*Assignment*. Starting at the line that holds "Compliant Mechanisms - Design" and stopping at the line that holds "თამაშის Chicken Jockey Deadflip", restate the records below word for word, with both of those lines included.

*Material provided*.
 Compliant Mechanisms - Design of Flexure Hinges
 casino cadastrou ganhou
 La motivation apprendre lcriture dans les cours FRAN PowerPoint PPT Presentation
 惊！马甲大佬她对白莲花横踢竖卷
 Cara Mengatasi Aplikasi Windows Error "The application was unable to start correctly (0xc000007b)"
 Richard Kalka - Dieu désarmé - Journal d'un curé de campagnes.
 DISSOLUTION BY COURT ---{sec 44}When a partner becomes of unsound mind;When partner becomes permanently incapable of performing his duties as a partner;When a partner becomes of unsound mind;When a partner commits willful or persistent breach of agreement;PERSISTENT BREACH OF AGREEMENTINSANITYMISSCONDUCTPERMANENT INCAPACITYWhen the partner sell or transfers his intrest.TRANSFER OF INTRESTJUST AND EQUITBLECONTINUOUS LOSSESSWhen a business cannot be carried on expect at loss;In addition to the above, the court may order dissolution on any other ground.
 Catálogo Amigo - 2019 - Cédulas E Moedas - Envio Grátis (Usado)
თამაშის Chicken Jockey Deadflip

---

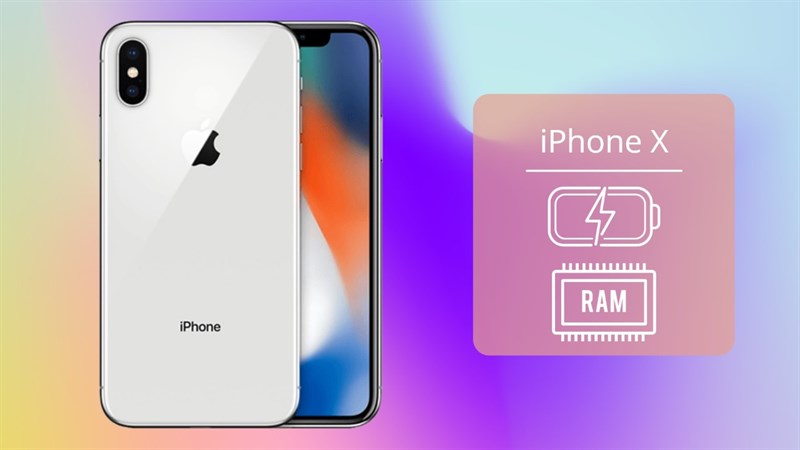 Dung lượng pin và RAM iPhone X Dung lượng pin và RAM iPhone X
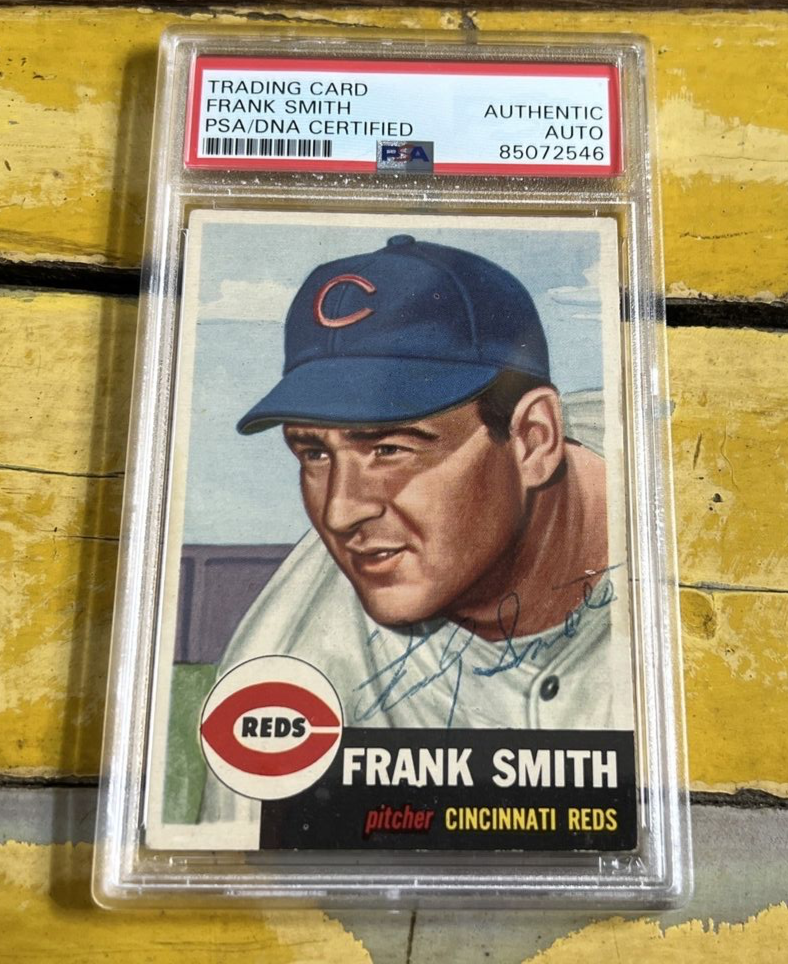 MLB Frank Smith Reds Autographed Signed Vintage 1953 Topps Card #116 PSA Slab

==

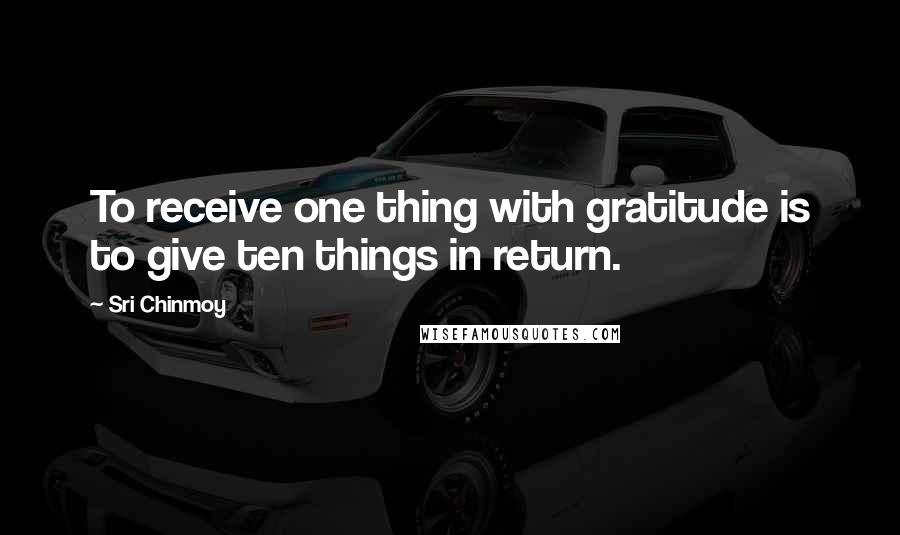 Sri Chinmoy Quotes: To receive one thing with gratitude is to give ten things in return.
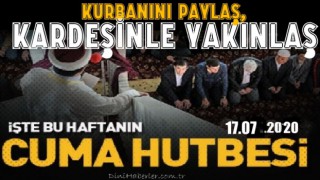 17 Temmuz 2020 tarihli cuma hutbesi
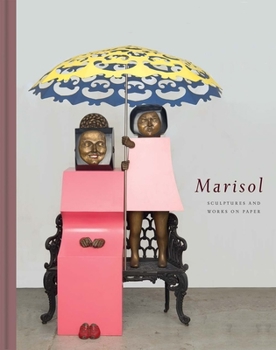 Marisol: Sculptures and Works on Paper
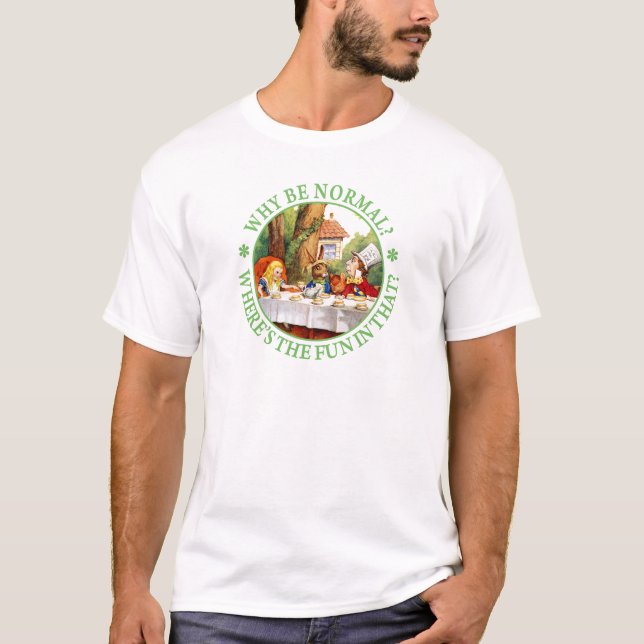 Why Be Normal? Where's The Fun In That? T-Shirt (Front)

*Answer box*.
 Compliant Mechanisms - Design of Flexure Hinges
 casino cadastrou ganhou
 La motivation apprendre lcriture dans les cours FRAN PowerPoint PPT Presentation
 惊！马甲大佬她对白莲花横踢竖卷
 Cara Mengatasi Aplikasi Windows Error "The application was unable to start correctly (0xc000007b)"
 Richard Kalka - Dieu désarmé - Journal d'un curé de campagnes.
 DISSOLUTION BY COURT ---{sec 44}When a partner becomes of unsound mind;When partner becomes permanently incapable of performing his duties as a partner;When a partner becomes of unsound mind;When a partner commits willful or persistent breach of agreement;PERSISTENT BREACH OF AGREEMENTINSANITYMISSCONDUCTPERMANENT INCAPACITYWhen the partner sell or transfers his intrest.TRANSFER OF INTRESTJUST AND EQUITBLECONTINUOUS LOSSESSWhen a business cannot be carried on expect at loss;In addition to the above, the court may order dissolution on any other ground.
 Catálogo Amigo - 2019 - Cédulas E Moedas - Envio Grátis (Usado)
თამაშის Chicken Jockey Deadflip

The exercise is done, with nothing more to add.